■ **Task to carry out**
Take the listing below and print exactly the lines starting at the line containing "Vista 3 de Paquete" and ending at the line containing "Frozen yogurt con frutti di bosco Foto Stock", both ends included, and no others.

■ **Recorded information**
################

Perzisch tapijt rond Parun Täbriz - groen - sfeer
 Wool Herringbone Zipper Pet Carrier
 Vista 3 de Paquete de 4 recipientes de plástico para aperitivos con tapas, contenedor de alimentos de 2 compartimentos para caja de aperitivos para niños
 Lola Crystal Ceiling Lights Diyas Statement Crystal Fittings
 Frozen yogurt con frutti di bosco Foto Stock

################

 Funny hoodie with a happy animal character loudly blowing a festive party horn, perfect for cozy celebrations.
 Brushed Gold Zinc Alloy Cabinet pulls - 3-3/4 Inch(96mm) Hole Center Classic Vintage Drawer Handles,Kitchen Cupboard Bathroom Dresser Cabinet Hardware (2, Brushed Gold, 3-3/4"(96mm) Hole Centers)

################

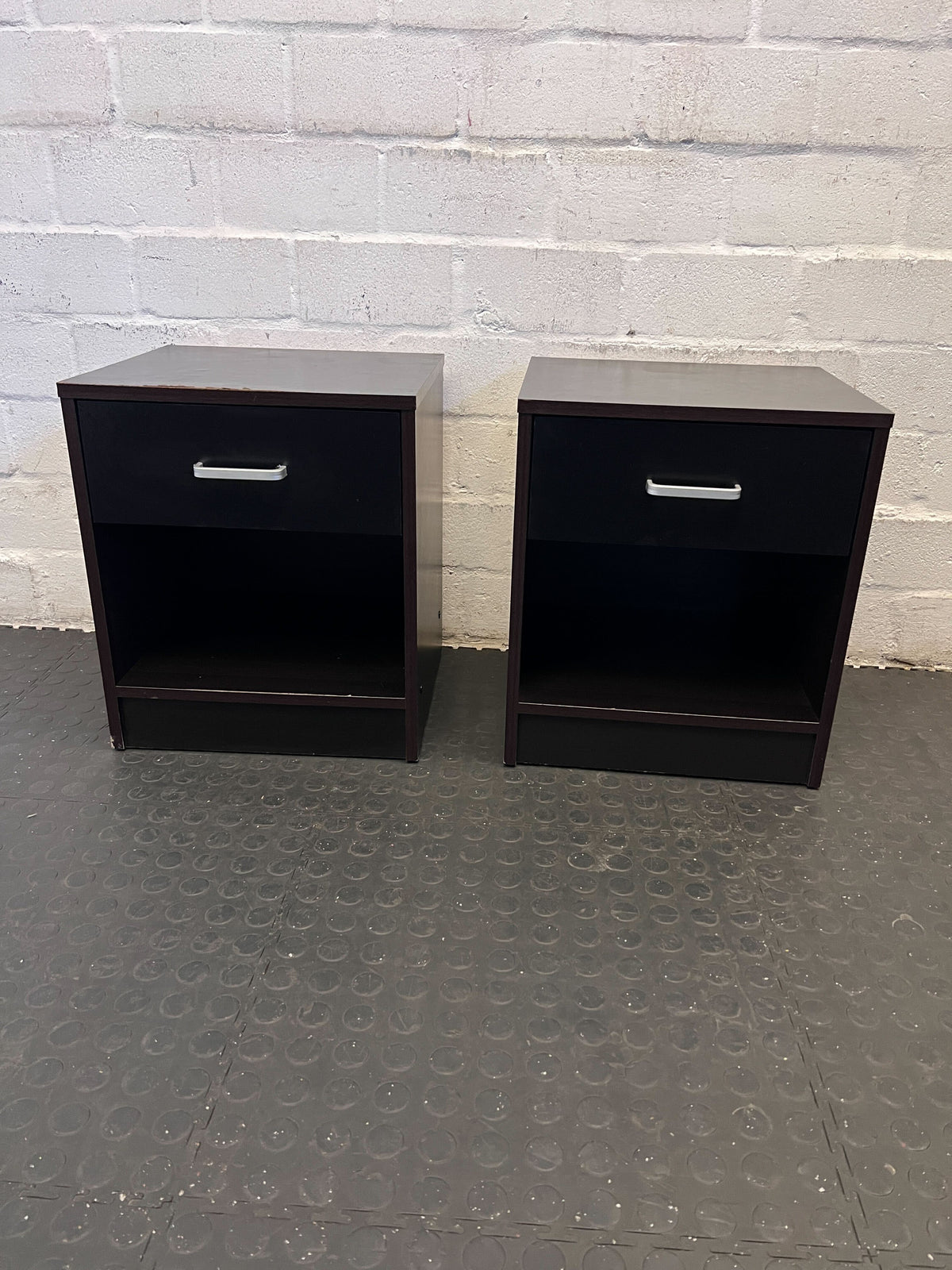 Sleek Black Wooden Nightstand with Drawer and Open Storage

################

■ **Exercise output**
 Vista 3 de Paquete de 4 recipientes de plástico para aperitivos con tapas, contenedor de alimentos de 2 compartimentos para caja de aperitivos para niños
 Lola Crystal Ceiling Lights Diyas Statement Crystal Fittings
 Frozen yogurt con frutti di bosco Foto Stock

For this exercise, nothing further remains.